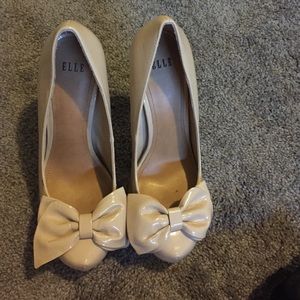 Bow heels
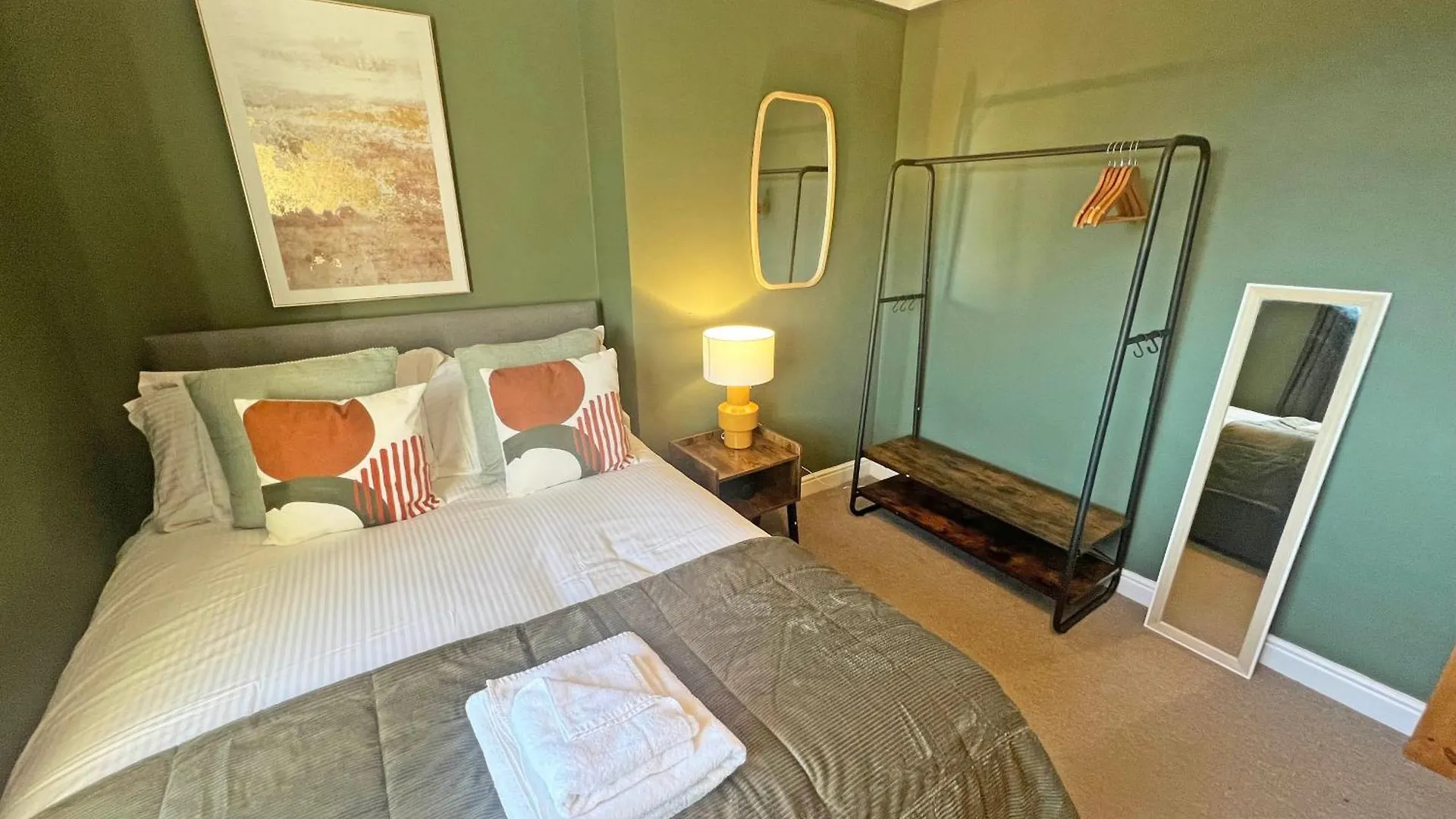 Recently Refurbished 3 Bedroom Home With Parking - Perfect For Longstays - Sleeps 8 Chester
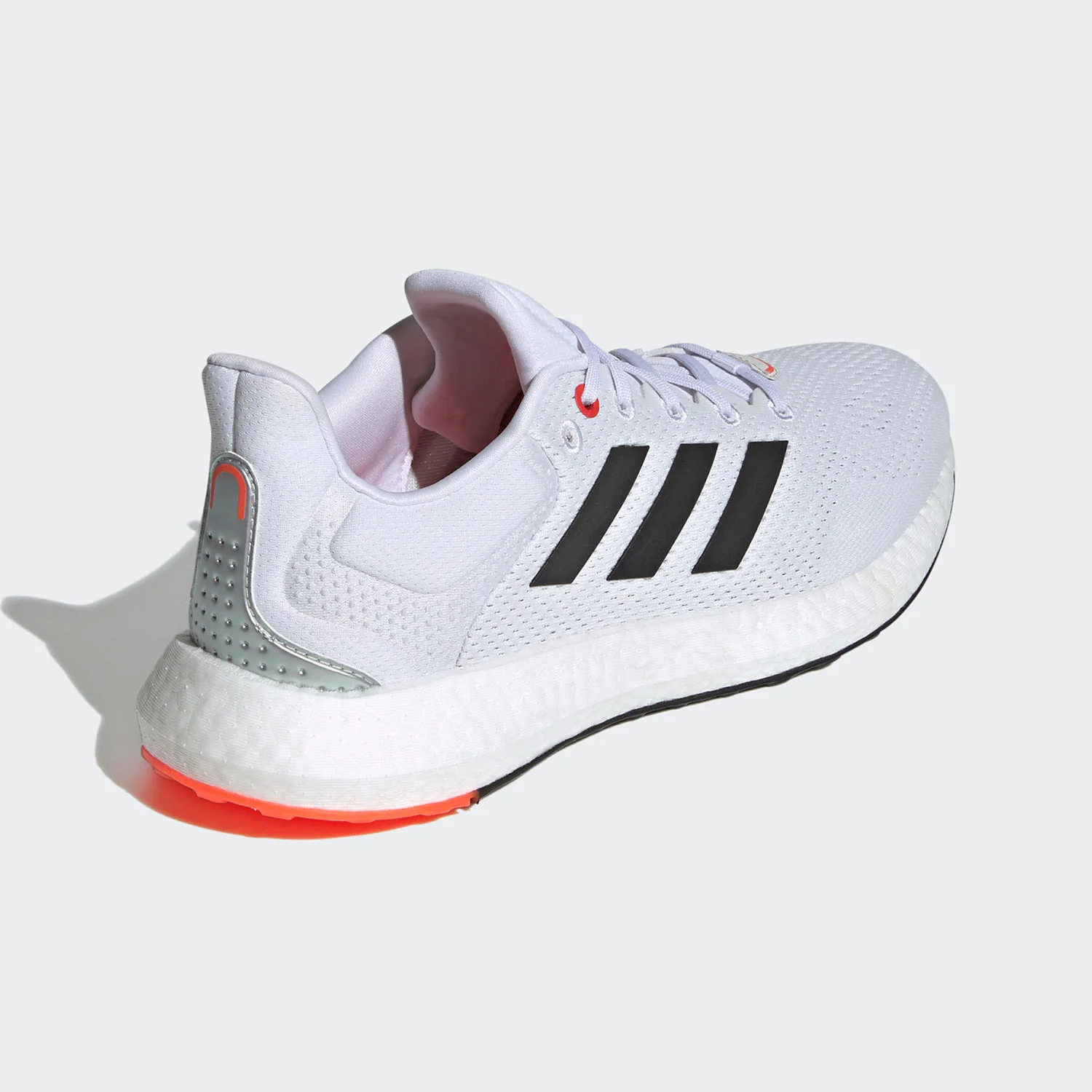 حذاء Adidas الأصلي للتدريب للرجال كاجوال منخفض الارتفاع GY5099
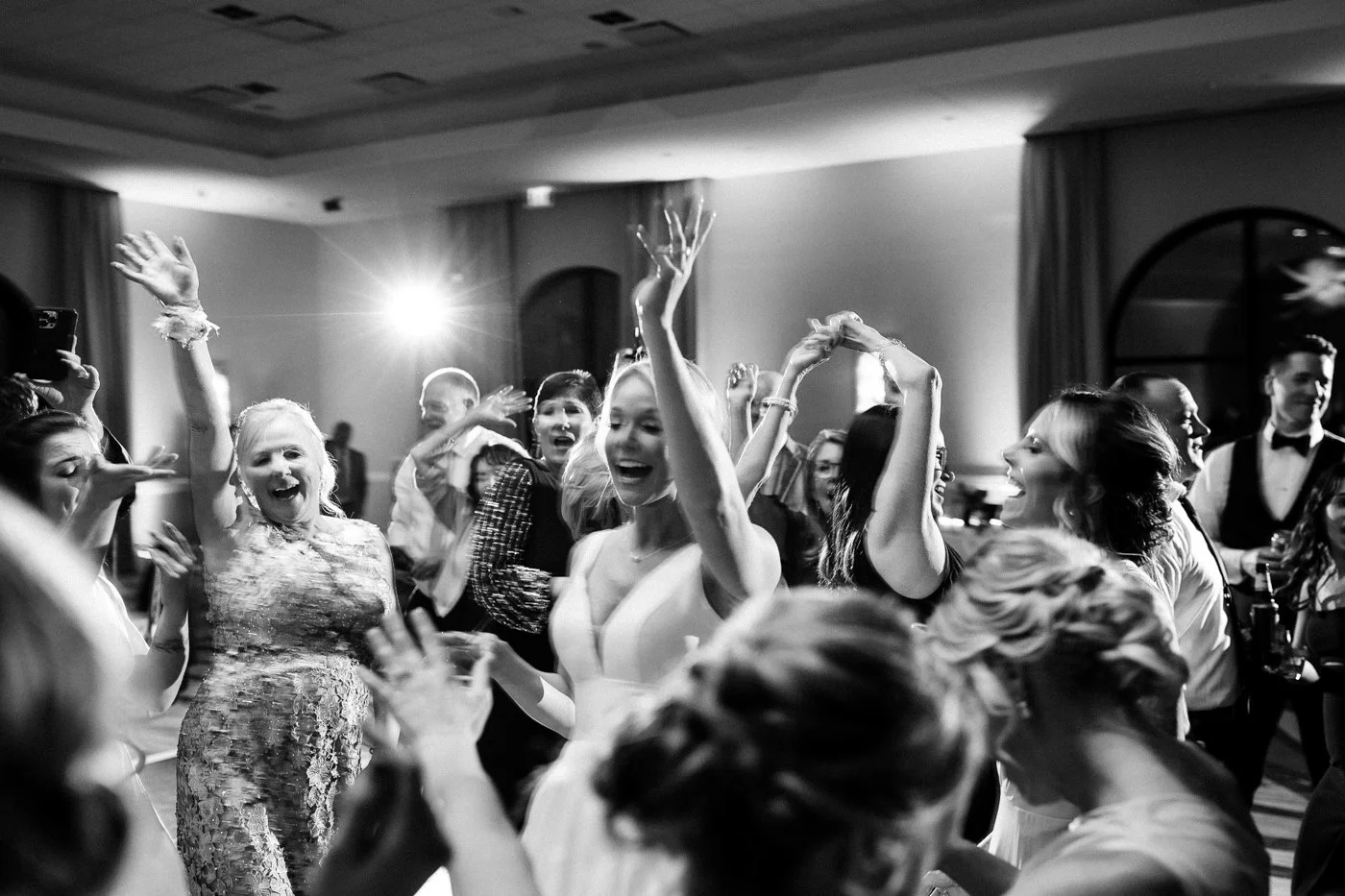 candid wedding photos-71.jpg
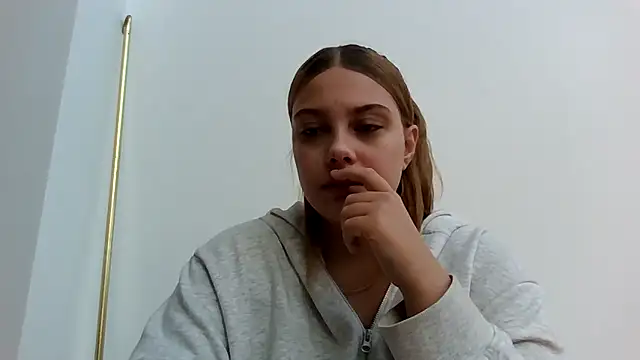 Krystal Tx online show from 09-29-25, 06:29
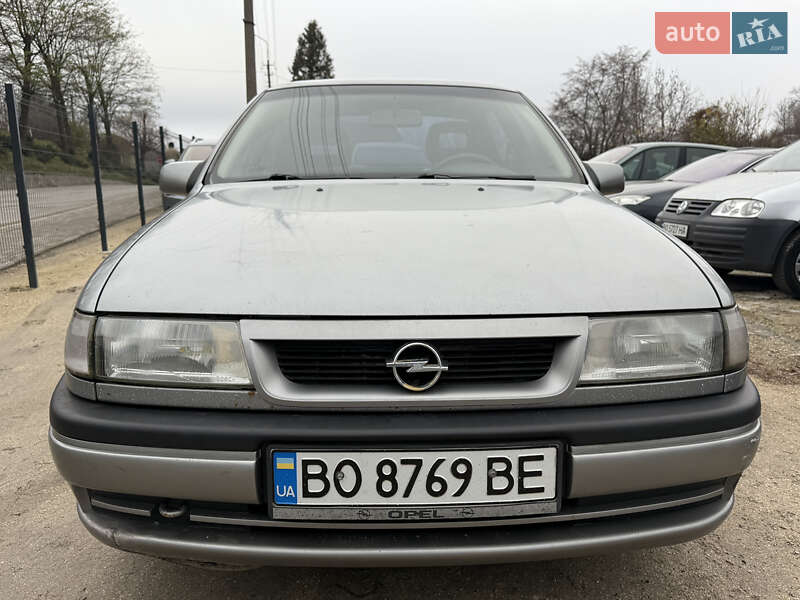 Седан Opel Vectra 1991 в Кременце фото 6 Седан Opel Vectra 1991 в Кременце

PROBLEM:
Write out again, word for word, the lines from the one holding "candid wedding photos-71.jpg" through the final line of the listing, including both ends but no pictures.

ANSWER TO THIS PROBLEM:
 candid wedding photos-71.jpg
 Krystal Tx online show from 09-29-25, 06:29
 Седан Opel Vectra 1991 в Кременце фото 6 Седан Opel Vectra 1991 в Кременце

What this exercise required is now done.